- **What to produce**
Copy the lines exactly as they appear, starting with the first line of the records and ending with the line that contains "质量超好实木床架及床垫（原价2k+）".

-----

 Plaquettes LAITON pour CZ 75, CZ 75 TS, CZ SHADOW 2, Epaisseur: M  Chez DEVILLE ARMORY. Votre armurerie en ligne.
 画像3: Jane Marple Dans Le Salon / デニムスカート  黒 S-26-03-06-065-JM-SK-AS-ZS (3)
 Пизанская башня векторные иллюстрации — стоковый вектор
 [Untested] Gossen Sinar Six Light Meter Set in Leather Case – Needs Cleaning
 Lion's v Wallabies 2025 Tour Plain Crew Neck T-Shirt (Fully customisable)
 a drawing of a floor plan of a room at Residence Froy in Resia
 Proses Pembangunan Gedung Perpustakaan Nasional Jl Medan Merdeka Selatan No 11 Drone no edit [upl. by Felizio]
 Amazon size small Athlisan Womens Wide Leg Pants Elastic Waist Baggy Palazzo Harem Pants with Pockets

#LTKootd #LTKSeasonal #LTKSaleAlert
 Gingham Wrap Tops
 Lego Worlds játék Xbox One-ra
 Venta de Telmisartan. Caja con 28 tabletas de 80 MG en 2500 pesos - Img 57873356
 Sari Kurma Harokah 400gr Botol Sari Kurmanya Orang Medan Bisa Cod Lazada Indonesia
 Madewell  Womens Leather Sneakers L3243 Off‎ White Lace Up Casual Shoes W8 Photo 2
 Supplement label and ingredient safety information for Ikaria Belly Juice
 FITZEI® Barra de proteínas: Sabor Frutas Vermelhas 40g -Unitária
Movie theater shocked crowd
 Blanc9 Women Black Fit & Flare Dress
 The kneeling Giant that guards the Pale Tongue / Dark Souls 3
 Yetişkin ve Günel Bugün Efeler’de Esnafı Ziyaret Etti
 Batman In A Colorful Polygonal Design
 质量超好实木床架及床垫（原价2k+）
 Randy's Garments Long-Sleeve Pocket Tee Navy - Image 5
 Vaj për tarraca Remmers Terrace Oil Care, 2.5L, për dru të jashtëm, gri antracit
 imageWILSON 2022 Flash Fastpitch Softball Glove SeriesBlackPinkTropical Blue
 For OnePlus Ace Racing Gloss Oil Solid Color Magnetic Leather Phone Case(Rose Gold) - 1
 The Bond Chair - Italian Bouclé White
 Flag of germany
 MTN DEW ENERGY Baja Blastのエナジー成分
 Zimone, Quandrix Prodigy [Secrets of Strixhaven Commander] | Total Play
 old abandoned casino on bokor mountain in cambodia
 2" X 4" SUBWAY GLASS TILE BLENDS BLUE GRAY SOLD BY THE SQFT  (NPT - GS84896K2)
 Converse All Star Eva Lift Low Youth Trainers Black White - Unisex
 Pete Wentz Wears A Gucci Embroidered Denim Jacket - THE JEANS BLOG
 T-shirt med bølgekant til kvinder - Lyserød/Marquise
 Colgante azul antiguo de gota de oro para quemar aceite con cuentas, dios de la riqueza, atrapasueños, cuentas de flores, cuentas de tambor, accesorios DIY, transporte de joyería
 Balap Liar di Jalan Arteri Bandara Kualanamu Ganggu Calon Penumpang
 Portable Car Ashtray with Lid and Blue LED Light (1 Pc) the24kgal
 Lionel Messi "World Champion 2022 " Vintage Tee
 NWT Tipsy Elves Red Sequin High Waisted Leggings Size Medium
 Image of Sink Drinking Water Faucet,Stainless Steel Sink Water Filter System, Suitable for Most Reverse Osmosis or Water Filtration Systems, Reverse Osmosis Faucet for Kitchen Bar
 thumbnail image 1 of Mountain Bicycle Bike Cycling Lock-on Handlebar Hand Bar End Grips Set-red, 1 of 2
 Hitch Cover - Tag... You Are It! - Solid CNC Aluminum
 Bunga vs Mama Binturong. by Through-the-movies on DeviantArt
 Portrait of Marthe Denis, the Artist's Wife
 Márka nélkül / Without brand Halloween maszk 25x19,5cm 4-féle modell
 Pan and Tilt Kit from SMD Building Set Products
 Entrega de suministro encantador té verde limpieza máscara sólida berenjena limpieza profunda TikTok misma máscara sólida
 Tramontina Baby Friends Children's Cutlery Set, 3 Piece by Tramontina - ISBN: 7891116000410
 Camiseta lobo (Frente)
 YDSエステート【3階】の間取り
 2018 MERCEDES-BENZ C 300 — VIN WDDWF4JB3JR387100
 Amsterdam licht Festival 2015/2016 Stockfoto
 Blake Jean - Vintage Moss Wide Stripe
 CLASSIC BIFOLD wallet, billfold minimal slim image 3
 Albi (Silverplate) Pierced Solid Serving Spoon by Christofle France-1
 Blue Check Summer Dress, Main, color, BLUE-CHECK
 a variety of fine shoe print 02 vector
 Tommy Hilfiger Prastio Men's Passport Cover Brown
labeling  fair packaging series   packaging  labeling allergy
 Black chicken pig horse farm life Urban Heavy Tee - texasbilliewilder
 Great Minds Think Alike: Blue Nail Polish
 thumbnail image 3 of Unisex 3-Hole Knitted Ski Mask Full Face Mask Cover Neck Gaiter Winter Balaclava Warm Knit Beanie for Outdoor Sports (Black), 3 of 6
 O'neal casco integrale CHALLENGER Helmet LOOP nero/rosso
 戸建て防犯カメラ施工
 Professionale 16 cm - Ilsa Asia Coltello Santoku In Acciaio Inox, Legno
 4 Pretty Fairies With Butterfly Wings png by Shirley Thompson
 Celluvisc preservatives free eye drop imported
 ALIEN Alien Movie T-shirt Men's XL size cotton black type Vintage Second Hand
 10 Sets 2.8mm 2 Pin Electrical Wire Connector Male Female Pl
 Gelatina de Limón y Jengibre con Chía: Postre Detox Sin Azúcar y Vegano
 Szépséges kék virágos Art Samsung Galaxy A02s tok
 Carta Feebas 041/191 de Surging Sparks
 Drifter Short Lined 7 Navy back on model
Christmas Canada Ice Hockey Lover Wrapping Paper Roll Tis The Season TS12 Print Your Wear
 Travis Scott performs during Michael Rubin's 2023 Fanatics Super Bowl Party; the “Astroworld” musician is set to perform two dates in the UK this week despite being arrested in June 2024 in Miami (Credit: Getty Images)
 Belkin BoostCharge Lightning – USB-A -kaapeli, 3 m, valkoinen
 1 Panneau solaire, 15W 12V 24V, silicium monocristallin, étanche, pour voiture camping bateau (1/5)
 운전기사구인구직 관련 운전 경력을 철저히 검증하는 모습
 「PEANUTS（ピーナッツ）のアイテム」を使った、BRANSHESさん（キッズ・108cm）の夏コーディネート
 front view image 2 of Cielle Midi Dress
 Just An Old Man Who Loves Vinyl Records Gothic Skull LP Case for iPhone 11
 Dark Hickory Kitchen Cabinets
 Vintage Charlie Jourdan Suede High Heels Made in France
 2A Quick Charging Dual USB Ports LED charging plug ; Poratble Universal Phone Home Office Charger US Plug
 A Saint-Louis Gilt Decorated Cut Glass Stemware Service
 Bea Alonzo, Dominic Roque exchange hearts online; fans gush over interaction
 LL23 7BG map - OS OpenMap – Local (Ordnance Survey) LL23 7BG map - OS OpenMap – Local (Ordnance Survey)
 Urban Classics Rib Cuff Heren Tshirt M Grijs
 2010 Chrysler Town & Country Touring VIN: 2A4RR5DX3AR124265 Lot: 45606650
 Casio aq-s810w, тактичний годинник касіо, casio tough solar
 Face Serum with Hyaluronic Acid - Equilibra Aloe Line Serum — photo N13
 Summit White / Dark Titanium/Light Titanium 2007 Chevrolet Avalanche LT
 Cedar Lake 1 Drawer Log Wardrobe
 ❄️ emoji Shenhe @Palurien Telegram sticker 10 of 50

-----

- **Exercise output**
 Plaquettes LAITON pour CZ 75, CZ 75 TS, CZ SHADOW 2, Epaisseur: M  Chez DEVILLE ARMORY. Votre armurerie en ligne.
 画像3: Jane Marple Dans Le Salon / デニムスカート  黒 S-26-03-06-065-JM-SK-AS-ZS (3)
 Пизанская башня векторные иллюстрации — стоковый вектор
 [Untested] Gossen Sinar Six Light Meter Set in Leather Case – Needs Cleaning
 Lion's v Wallabies 2025 Tour Plain Crew Neck T-Shirt (Fully customisable)
 a drawing of a floor plan of a room at Residence Froy in Resia
 Proses Pembangunan Gedung Perpustakaan Nasional Jl Medan Merdeka Selatan No 11 Drone no edit [upl. by Felizio]
 Amazon size small Athlisan Womens Wide Leg Pants Elastic Waist Baggy Palazzo Harem Pants with Pockets

#LTKootd #LTKSeasonal #LTKSaleAlert
 Gingham Wrap Tops
 Lego Worlds játék Xbox One-ra
 Venta de Telmisartan. Caja con 28 tabletas de 80 MG en 2500 pesos - Img 57873356
 Sari Kurma Harokah 400gr Botol Sari Kurmanya Orang Medan Bisa Cod Lazada Indonesia
 Madewell  Womens Leather Sneakers L3243 Off‎ White Lace Up Casual Shoes W8 Photo 2
 Supplement label and ingredient safety information for Ikaria Belly Juice
 FITZEI® Barra de proteínas: Sabor Frutas Vermelhas 40g -Unitária
Movie theater shocked crowd
 Blanc9 Women Black Fit & Flare Dress
 The kneeling Giant that guards the Pale Tongue / Dark Souls 3
 Yetişkin ve Günel Bugün Efeler’de Esnafı Ziyaret Etti
 Batman In A Colorful Polygonal Design
 质量超好实木床架及床垫（原价2k+）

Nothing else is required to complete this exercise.